In Rusland werden tegelijkertijd twee burgeroorlogen gevoerd: een tussen de Roden (aanhangers van Lenin) en de Witten (de sociaaldemocraten) en een tussen het centrale gezag en de lokale krijgsheren in de Kaukasus en in Oekraïne. Tot overmaat van ramp pleegde het Westen interventies. Op het moment van Ruslands capitulatie lag er in de havens veel door de westelijke geallieerden als steun aan Rusland geleverd oorlogsmaterieel. Zij wilden niet dat dit materieel in Duitse handen zou vallen en stuurden strijdkrachten naar Archangelsk, Moermansk en Bakoe. De Japanners brachten in Vladivostok strijdkrachten aan land. Dat wilden de Britten, Fransen, Amerikanen en Italianen niet op zich laten zitten en zij brachten op hun beurt ook strijdkrachten naar Siberië over. Een Franse legereenheid nam Odessa en Sebastopol in om te voorkomen dat de Duitsers daar teveel invloed zouden krijgen. Tijdens de grote en onoverzichtelijke gevechten kwamen miljoenen burgers om het leven door hongersnood en ontberingen.
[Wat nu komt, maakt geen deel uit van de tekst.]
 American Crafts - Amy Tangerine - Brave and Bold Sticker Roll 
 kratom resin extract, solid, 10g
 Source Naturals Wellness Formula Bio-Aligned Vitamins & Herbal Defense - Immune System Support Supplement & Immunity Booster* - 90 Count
De meeste buitenlandse troepen werden al snel teruggetrokken; de gestuurde detachementen waren te klein om langdurige en grootschalige operaties te kunnen uitvoeren. De Fransen, Britten en Amerikanen beperkten zich voortaan tot wapenleveranties en economische steun aan de Witten. Het baatte allemaal niet. De Witten waren uiteindelijk noch militair, noch moreel tegen de Roden opgewassen: zij hadden geen samenbindend visioen waarmee zij de harten van het volk konden veroveren. Lenin had dit visioen wel. In de steden wist hij de macht te grijpen. Het platteland kreeg hij op zijn hand door zelfbestuur in de dorpen mogelijk te maken en onteigening van land te ondersteunen. Lenin had bovendien een effectief repressie-apparaat. Al in augustus 1918 werden de eerste dwangarbeiderskampen voor “onbetrouwbare elementen” gebouwd.
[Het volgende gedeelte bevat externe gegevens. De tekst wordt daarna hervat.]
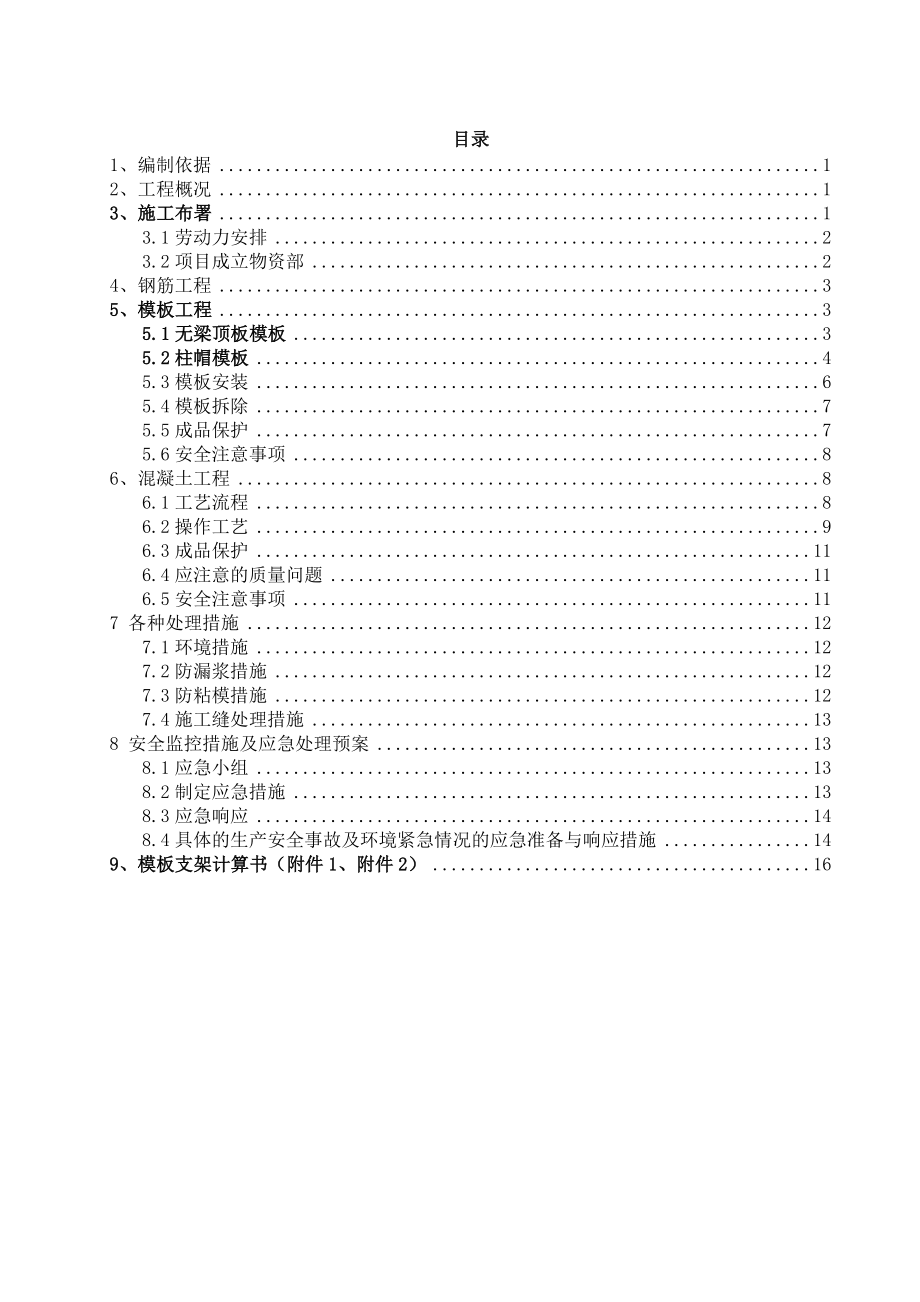 无梁楼板施工方案.doc_第2页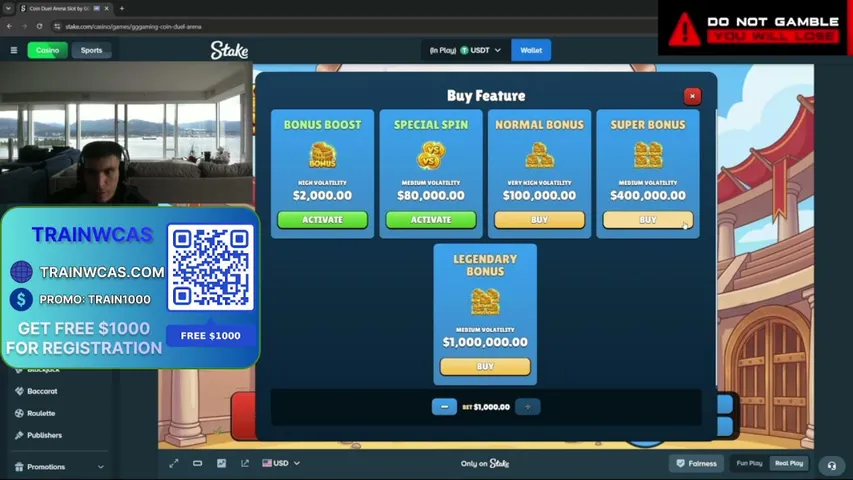 trafbinwvreckstv playing Slots & Casino - Live Casino Stream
Een ongelukkige start. Ineens was het Westen zijn vertrouwde gespreks- en handelspartners kwijt. De vroegere elite van Rusland was uitgeschakeld, gevangen gezet of in ballingschap gegaan. Nu was er een nieuw bewind dat de wereldrevolutie predikte. Was deze wereldrevolutie een reële dreiging of bestond zij uit retoriek? De politieke kaart van Europa was ineens veranderd. Het Tsarenrijk bestond niet meer, het Duitse rijk was verleden tijd en de Oostenrijks-Hongaarse dubbelmonarchie was in stukken geknipt. De betrekkingen tussen Oost en West moesten opnieuw worden gedefinieerd. De oorlogsschade, de nationalisaties en de westerse interventie fungeerden hierbij als stoorzenders. Het zou de Russen nog lang heugen hoe het Westen zich tegen de revolutie had gekeerd en aan de verkeerde kant gestreden had. Deze interventies zijn in het Westen in het vergeetboek geraakt. De Duitse steun aan Lenin is uit de Sovjet-geschiedenisboeken weggeschreven.